What councillors often miss, or pay insufficient attention to, though, is their real authority under the Local Governance Act and their potential, should they choose to accept the mission, to leverage its power for public good.

First, Section 12 of the act says that “a local authority shall be capable of acting by its council, and the council shall exercise all functions vested in the local authority or the council by this act, or otherwise”. In other words, except when the law allows for outside interventions, usually by the minister with responsibility for local government, municipal corporations, or city municipalities, largely act on their own authority.

Put another way, parish councillors, and local government councils, are not supposed to be marionettes of MPs.

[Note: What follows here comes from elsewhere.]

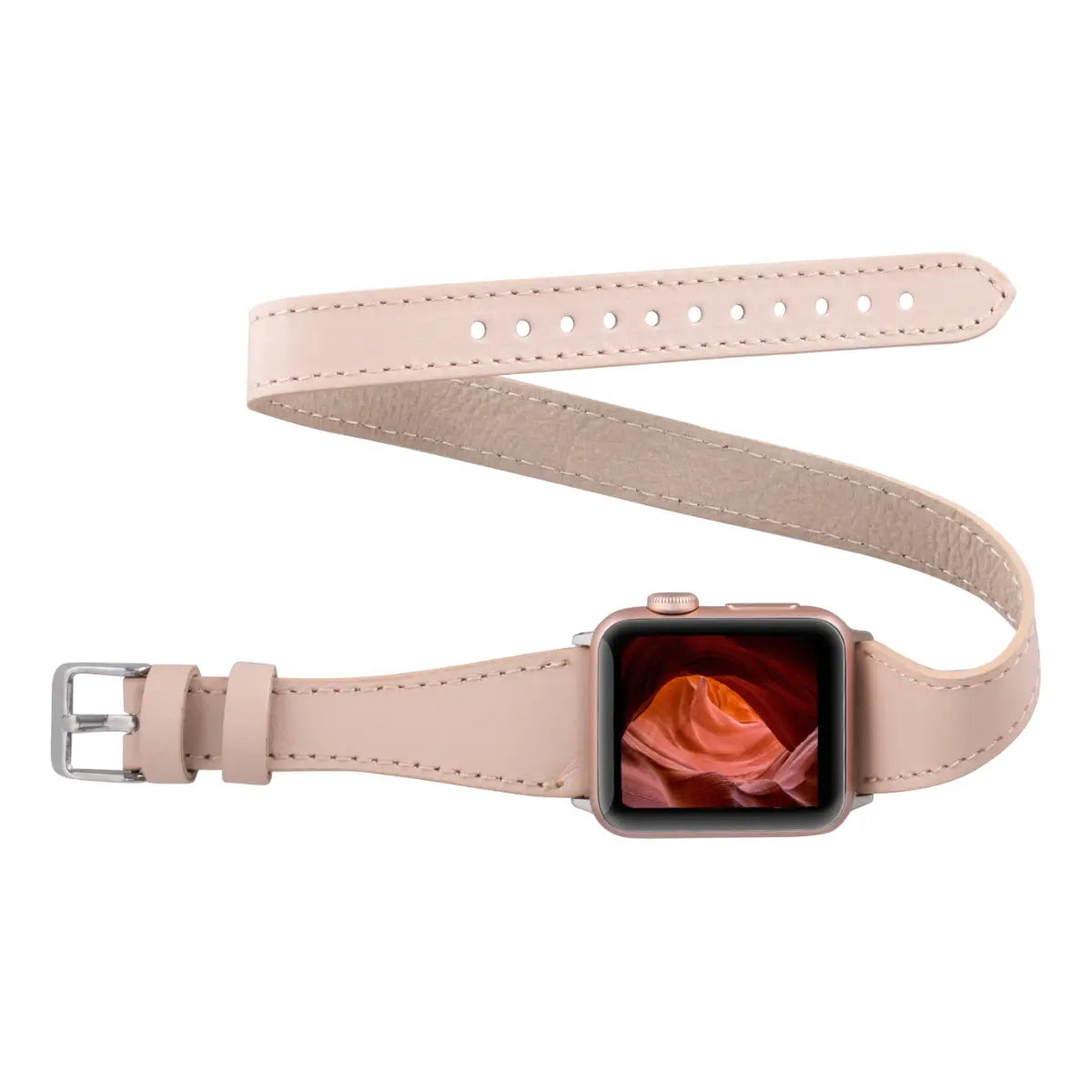 Slim Nude Leather Double Tour Strap for Apple Watch - Stylish & Comfortable Replacement Band for Workouts, Office & Everyday Wear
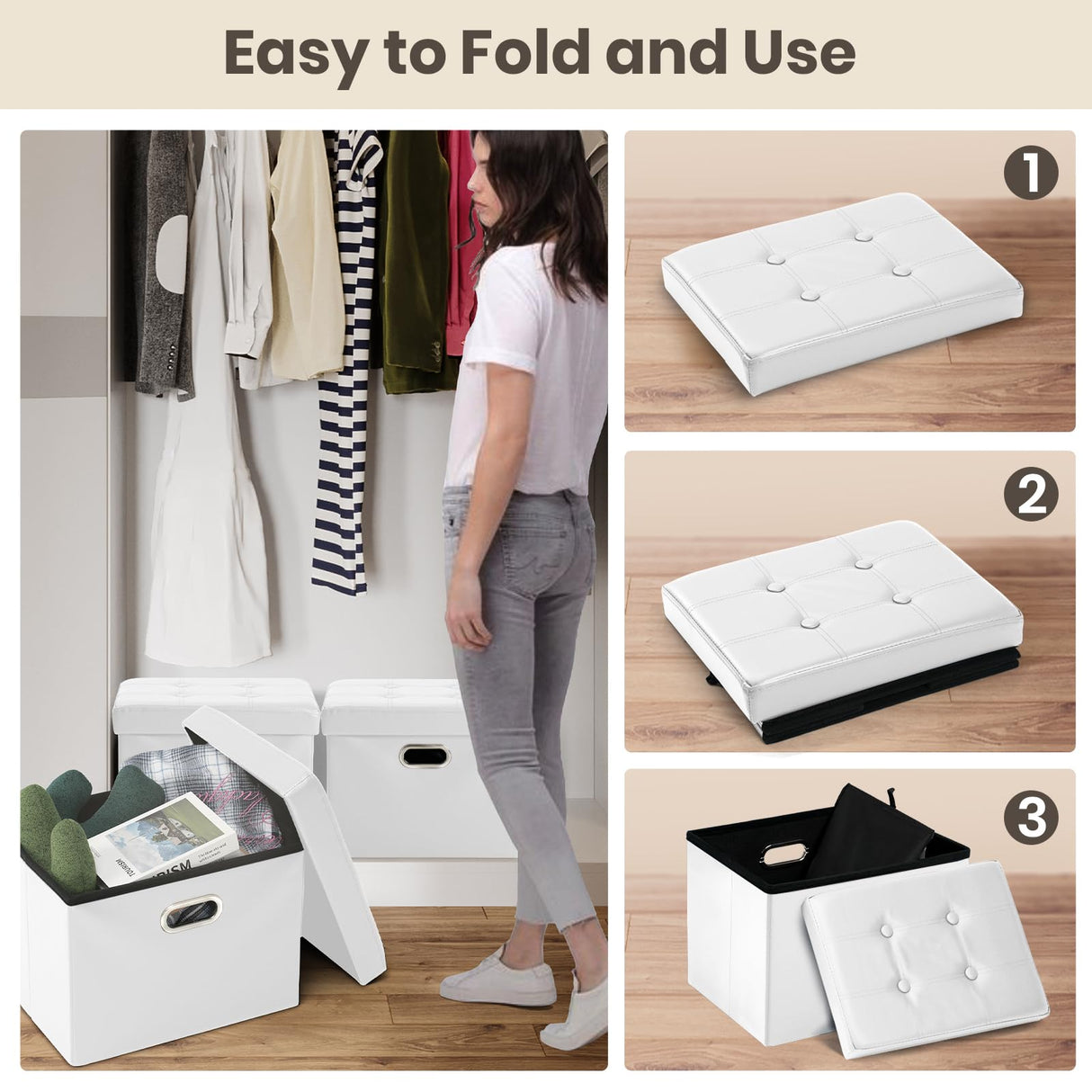 COSYLAND Storage Ottoman 17x13x13in Leather Ottoman Rectangle Foot Rest Foot Stool Folding Ottoman for Room Dorm Small Collapsible Bench Seat Organizer Entryway Furniture with Handles Lid White COSYLAND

According to Section 22 (2) (a) of the law, “members of parliament representing constituencies within the area of its jurisdiction” are only a subset of the groups with which municipal councils should engage as part of their “collaboration or networking with all relevant stakeholders” as is required by Section 22(1).

Indeed, the law mandates the councils to establish mechanisms that “facilitate the participation and empowerment of civil society and communities in local governance processes”. It would be useful, in the circumstance, for an audit to be done to determine how well municipal corporations have fulfilled this requirement, if bodies such as parish development committees are in place, and if they actually exist, how well they have operated.

Further, as this newspaper highlighted in another recent controversy involving the SAMC and its chairman who reportedly resigned, Michael Belnavis, local government authorities are staffed by supposedly professional civil servants, including chief executive officers, who are their chief accounting officers. This cadre of professionals owes the corporations a duty of care and fiduciary responsibility, which ought not to be compromised because of the dictates of political leaders. They, too, should be held accountable for episodes of malfeasance, misfeasance, or nonfeasance.